## YOUR GOAL
Without any pictures, reproduce exactly the lines running from the line containing "Toyota 4runner SR5" through the end of the entries.

## EXTRACTED RECORDS
▬▬▬

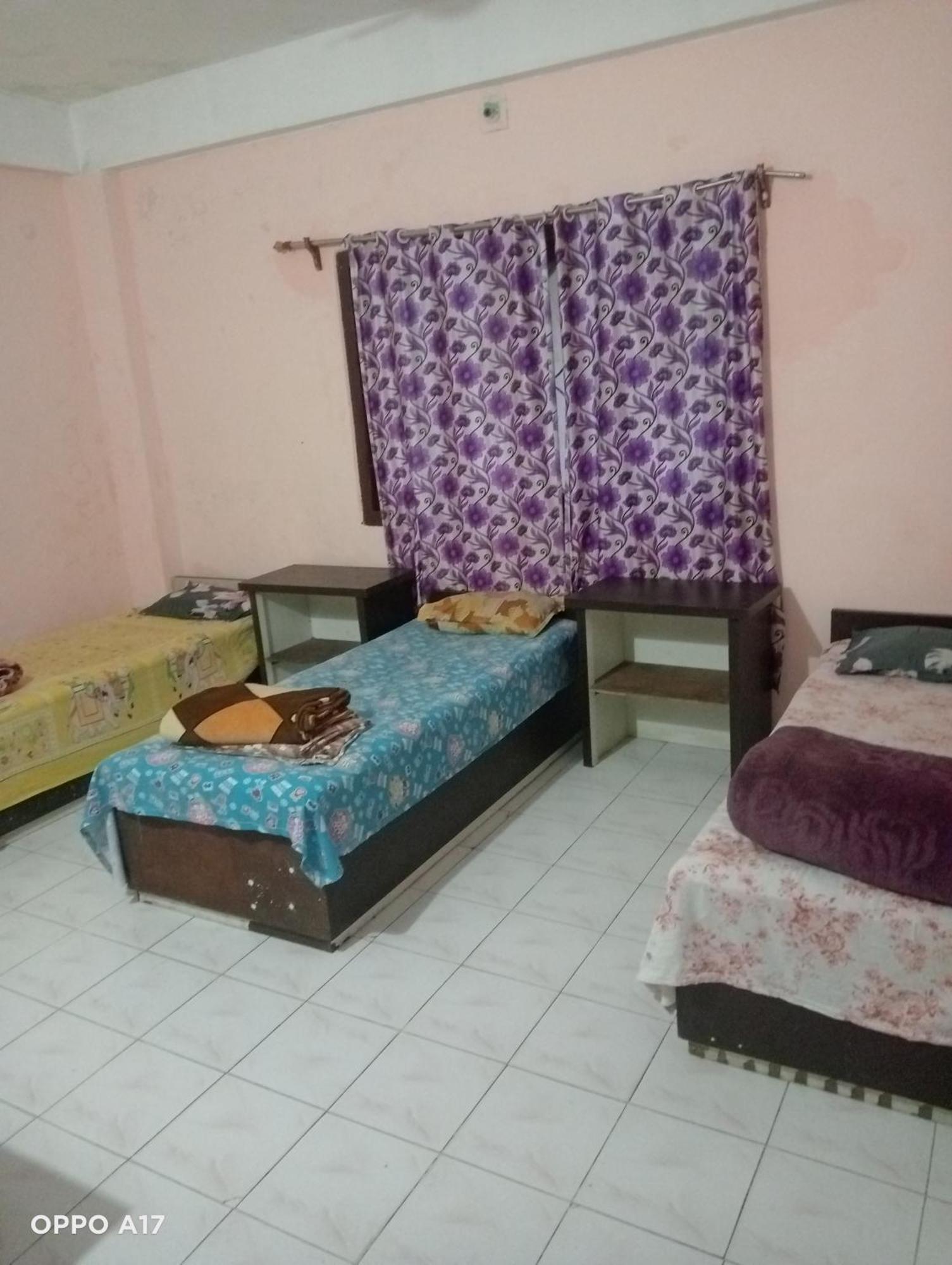 Swaroop Ashray Homestay Siliguri Ruang foto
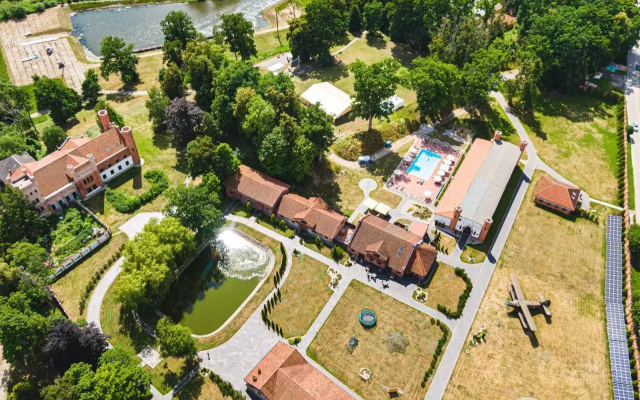 Отель Замок Романовски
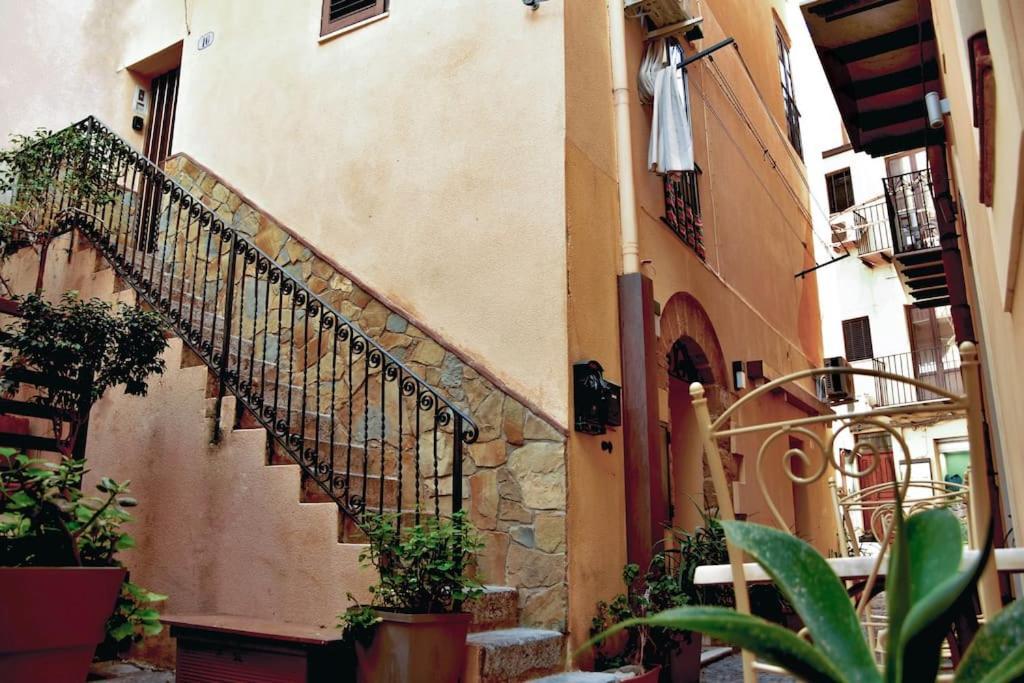 צ'פאלו Casa Vacanze U Curtigghiu מראה חיצוני תמונה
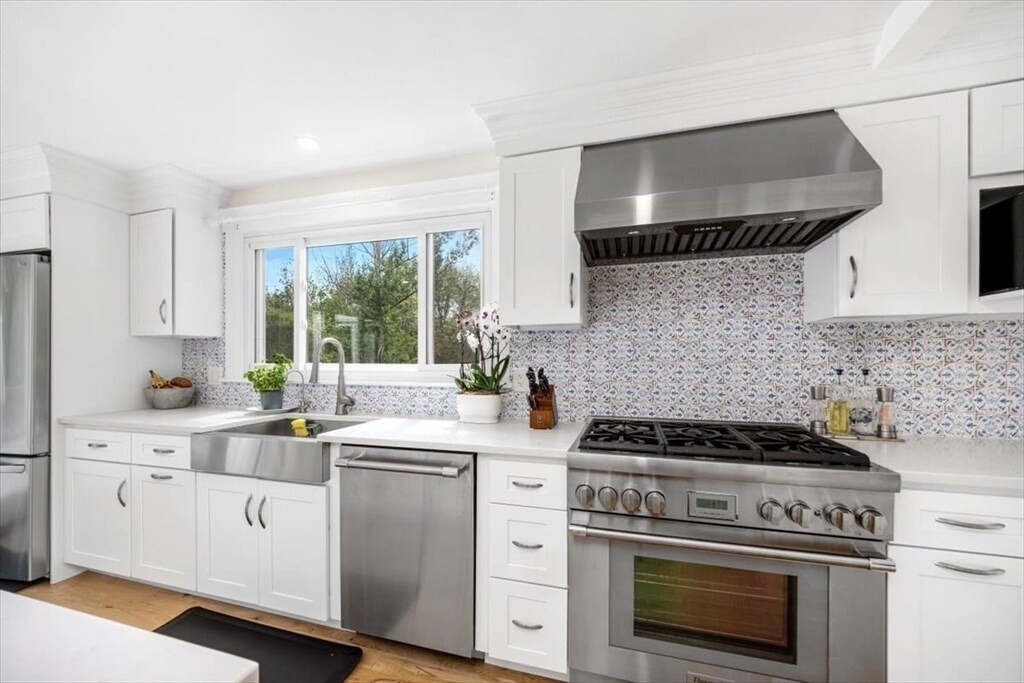 4 Cushing St in Hingham, MA - Building Photo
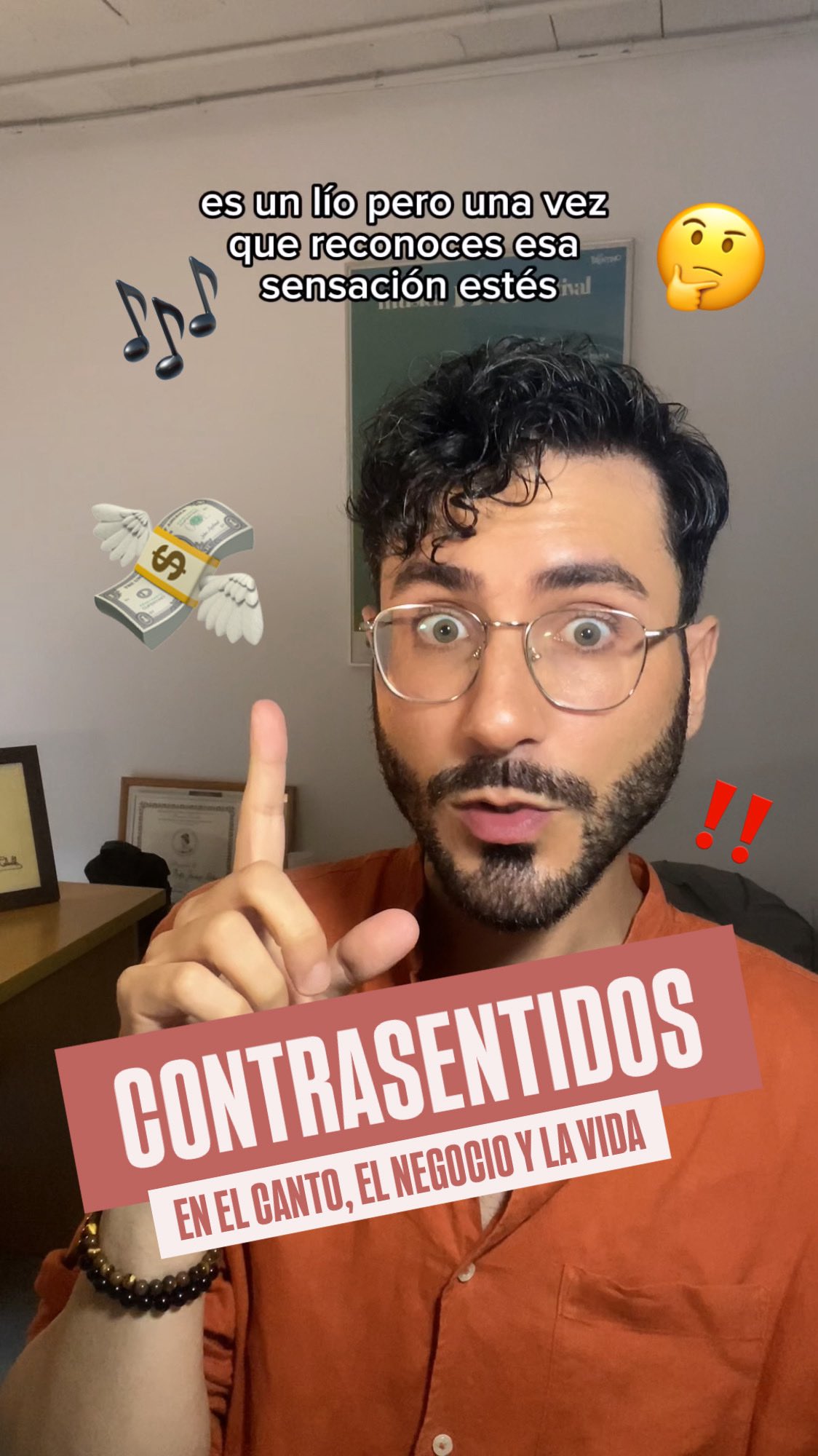 📲Nuevo Reel desde mi piano, iPhone en mano, voz en marcha…  🎙️ Hoy hablamos de contradicciones.
En el canto, en el negocio… y en la vida.  ¿Por qué a veces lo que sentimos al cantar es lo opuesto de lo que está sucediendo?  ¿Por qué perseguir el resultado puede alejarnos del proceso que lo hace posible?  🤓En este clip reflexiono sobre cómo la técnica vocal nos enseña a confiar en lo invisible, a habitar el cuerpo sin imponerlo, y a construir sonido desde el equilibrio, no desde el esfuerzo.  💡 Hablamos de:  • El timbre como fenómeno perceptivo y resultado de un proceso.  • La resonancia simpática y la ilusión de la “máscara”.  • Los mecanismos vocales y su idiosincrasia en sus distintos contextos.  • El canto como viaje acústico que se completa en la sala y al llegar al oído del otro.  • La técnica como herramienta de libertad y consciencia.  🎧 Ejemplifico con vocalizaciones y fragmentos de repertorio, y comparto cómo cada decisión técnica responde a un contexto escénico real: sala, orquesta, público.  🫂 Si eres cantante, estudiante, docente o simplemente alguien que ama la voz… este clip es para ti.  📨 Déjame tus preguntas, tus sensaciones, tus contradicciones. Construyamos y crezcamos juntos, recordando que no existen las verdades absolutas y que cualquier enfoque puede enriquecer nuestra perspectiva.  👉🏼Cita del video mi amigo @giancarlo_mari_  #countertenor #soprano #alto #tenor #basso #Contratenor #TécnicaVocal #CantoLírico #VíctorJiménezDíaz #Squillo #chiaroscuro #PedagogíaVocal #OperaSinger #CantoBarroco #Maschera #Resonancia #VocalTechnique #BelCanto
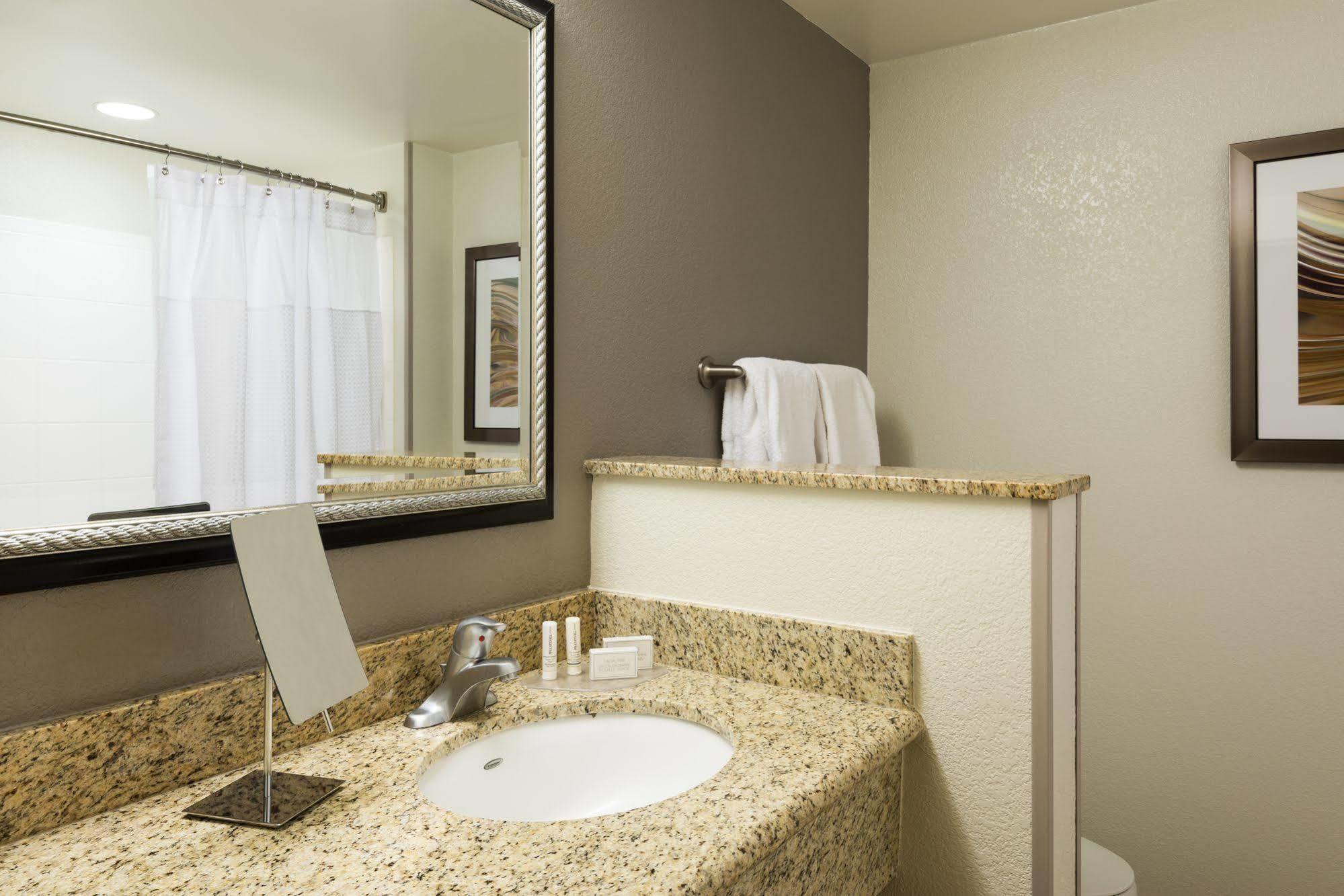 Отель Courtyard Sarasota Bradenton Airport Экстерьер фото
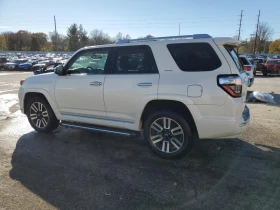 Toyota 4runner SR5 Кожа* Keyless* 4x4* Обдух* , снимка 3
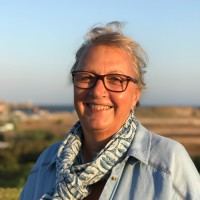 Sandra McLean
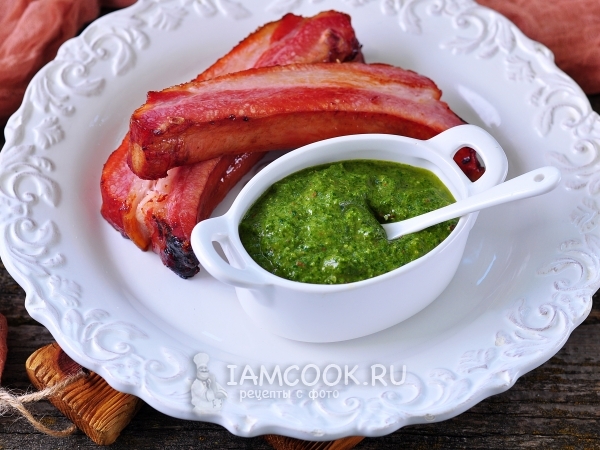 Песто из кинзы, рецепт с фото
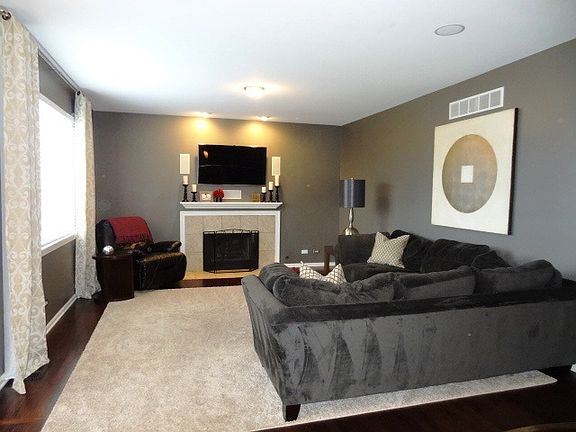 4th image of 5041 Princeton Ln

▬▬▬

## WRITTEN RESPONSE
 Toyota 4runner SR5 Кожа* Keyless* 4x4* Обдух* , снимка 3
 Sandra McLean
 Песто из кинзы, рецепт с фото
 4th image of 5041 Princeton Ln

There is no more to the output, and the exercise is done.